Janela aberta para o mar
O relógio da igreja do Sagrado Coração de Jesus anuncia
A meia-noite – cada badalada dói-me como uma condenação
Ao degredo . . .
Estou no décimo terceiro andar,
Na janela que se abre para o mar.
Meia-noite! . . .
A lua inunda tudo com sua luz dura e fria,
Banha, alheada, a cidade sonolenta.
Fumo um cigarro. A avenida está deserta.
Meu desassossego, som longínquo de rios remotos
Que corre entre margens orladas de lírios . . .

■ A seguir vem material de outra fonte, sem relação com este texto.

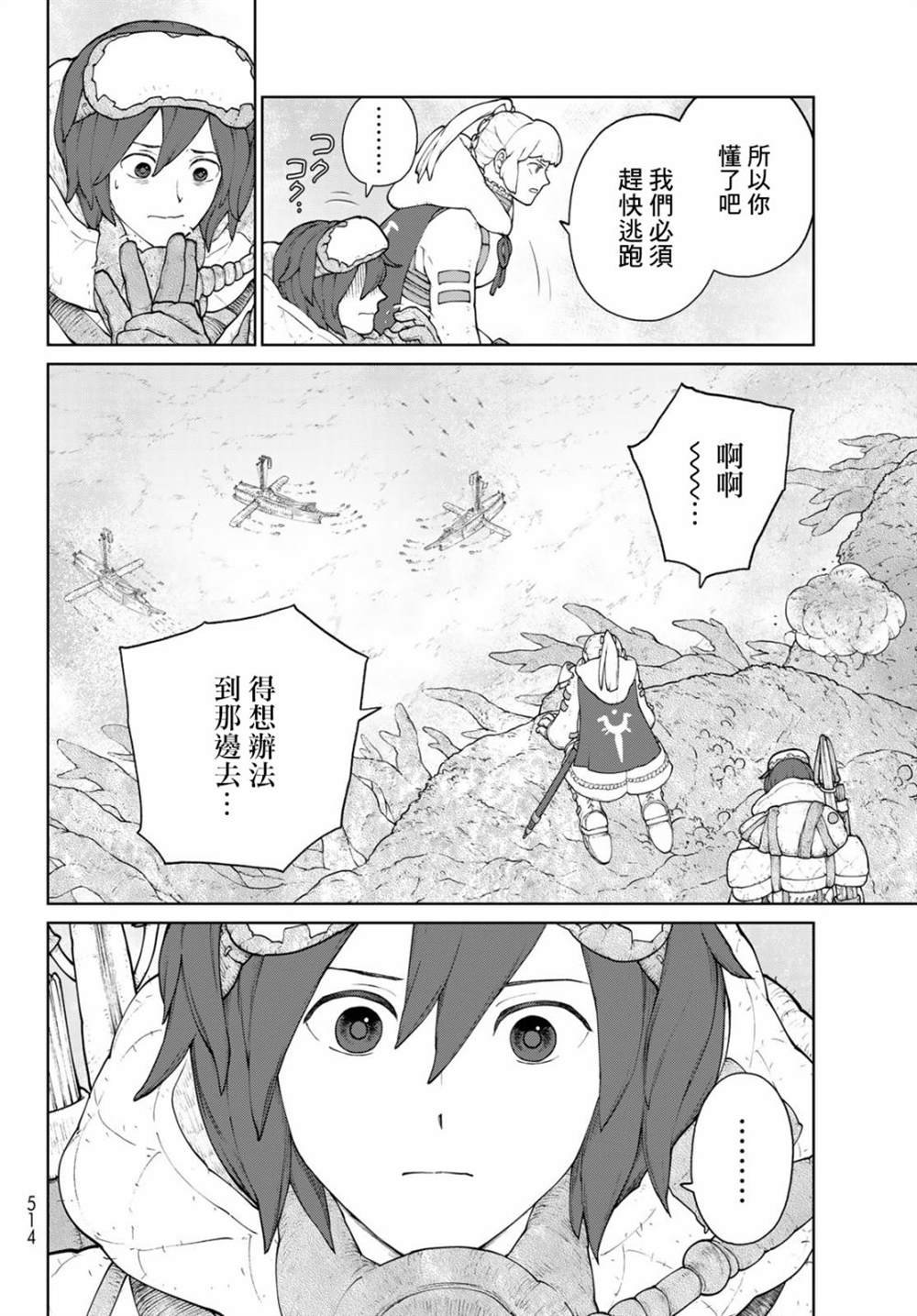 第7话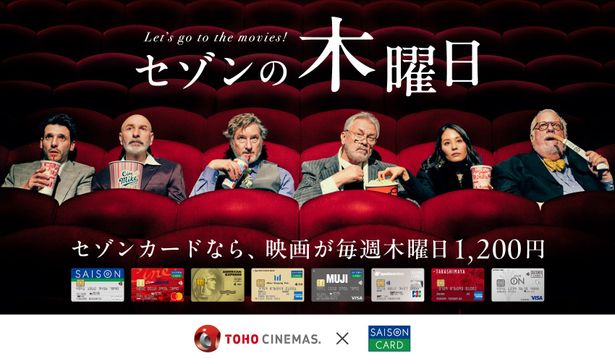 TOHOシネマズで映画が1,200円に！新サービス「セゾンの木曜日」スタート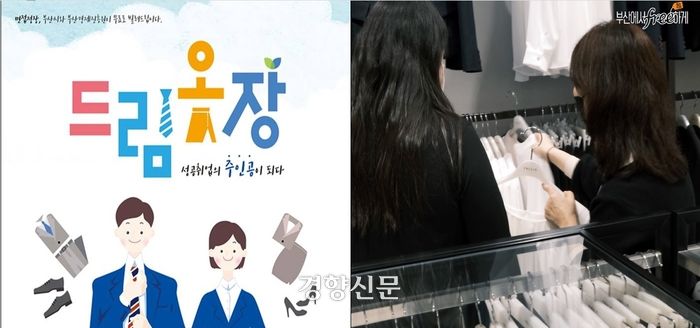 부산 취업 준비생 정장 대여 '드림옷장' 39세까지 확대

Lua da meia-noite refletida sobre os barcos no cais –
As embarcações, mesmo em descanso,
Estão sempre em movimento,
Mantêm vivos os mistérios de chegar e partir . . .
Lua da meia-noite refletida no leito insone dos rios –
Seus murmúrios reportam-me a tambores longínquos,
Rufando na trêmula hora de minha angústia,
De meu desespero de mim . . .
Lua da meia-noite refletida na imensidão do mar –
Vem-me à tona uma saudade antiqüíssima de quem fui
E que me corrói a vida, uma dor desolada e órfã
Espraiando-se no universo que sou para mim . . .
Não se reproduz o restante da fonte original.